Dates, Dates, Dates – and I’m Not Talking Food

Some people are blessed with good memories. I’d like to think of myself as one of those people. But I ain’t got nothing on my spouse. His memory is not only good, it’s freakishly detailed, calendar-oriented, and scarily accurate. Don’t argue with him about what happened in June of 1985. He will win. Every time. I’ve seen it at family gatherings – his mom or dad will mention some memory of when he and his brother were little and it starts. Bro-in-law throws out a date, spouse counters, and it’s on. It’s on like Donkey Kong – and keeps going until my spouse has not only refuted all other opinions, but thrown out five, six or ten pieces of supporting evidence that also occurred in the vicinity of said event on the timeline.

He’s probably some kind of memory-date-savant. Cause for the really important dates he can also give you the time of the event, give or take fifteen minutes or so.

Not so with me. My memory is more photographic, and centered around important events. I can remember my kids’ birthdays, elementary school teachers, anniversary, stuff like that. But my memory is more relative, as in, I can do the math and figure out what year Empire Strikes Back premiered – but don’t have instant recall.

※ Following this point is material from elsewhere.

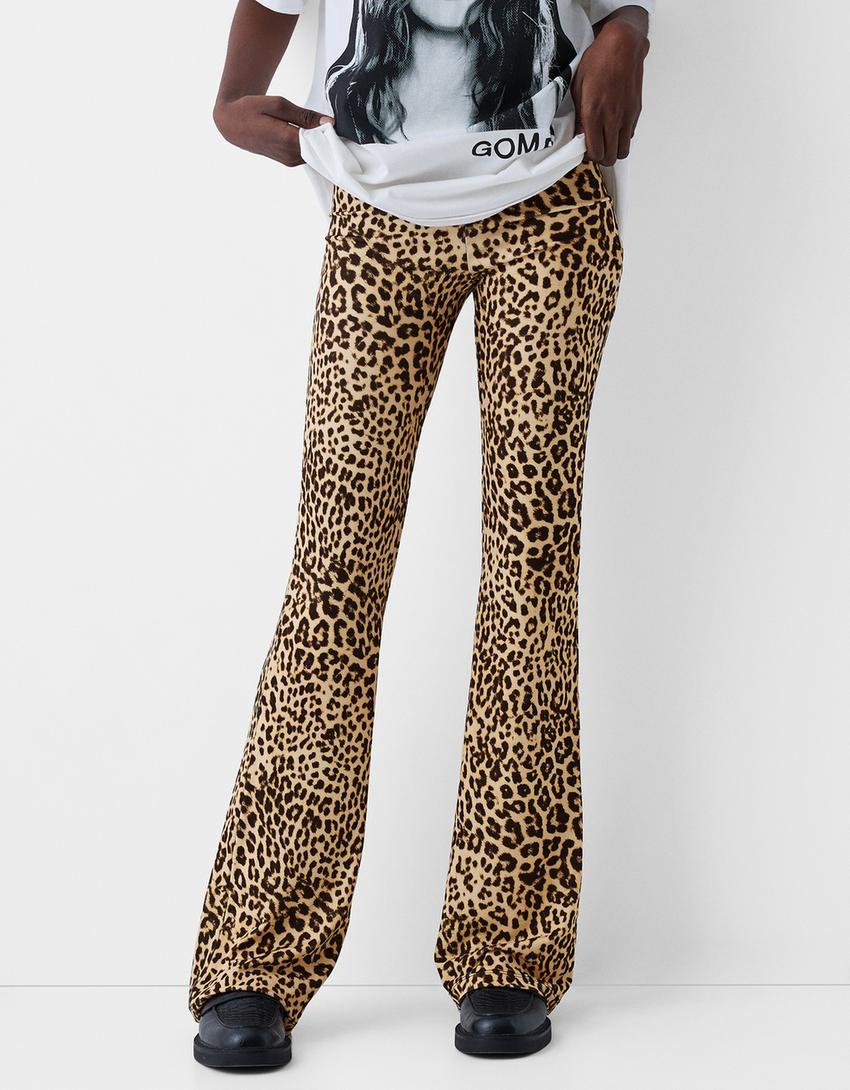Calças flare com estampado animal print-Marrom-1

This post is going nowhere. Stick with me, it’s Sunday night and I am slowly meandering to a point. It goes back to my student planners I found in my desk box the other day. And for the one or two of you who will read this, maybe you can help me out.

Memory is subjective, right? Back in high school I had a couple of English teachers who made us learn about all of these different ‘isms’ in literature. Existentialism, transcendentalism, nihilism, etc. etc. I couldn’t tell you what any of them are right now (but I could Google it) – but I remember learning about one philosophy that still freaks me out. The basis being that there is, in fact, no reality. What is real to each one of us is just a figment of our imagination. Very Matrix-like. The point being that no one really knows what happens and that an objective view of any situation is impossible. What I see and experience is totally different from you. Ten points to anyone who can name this philosophy – it’s been bugging me for years.

Back to memory. So in reading through the mundane to-do lists from my life as a music major, there were a few important events scattered here and there. But I wonder – does anyone else remember them? It’s funny how something can seem so life-changing to one person but be completely overlooked by another. Huh. I guess it’s all about subjectivity. I give value to that which I deem important, and forget about the rest. It’s just kind of weird to think that the major stuff has been forgotten. And that moment in a conversation when you ask ‘Do you remember last year, when…?’ and mention something that was really fun/important/memorable. And the response is ‘Not really.’ Awkward. Wonder if everyone has those moments, or it’s just me. I guess it’s my self-centeredness that assumes that other people place the same value on memory as I do.

Life lesson #456. They don’t.

Has anyone else ever thought about this stuff? What if you were the only one that had memories of certain times in your life?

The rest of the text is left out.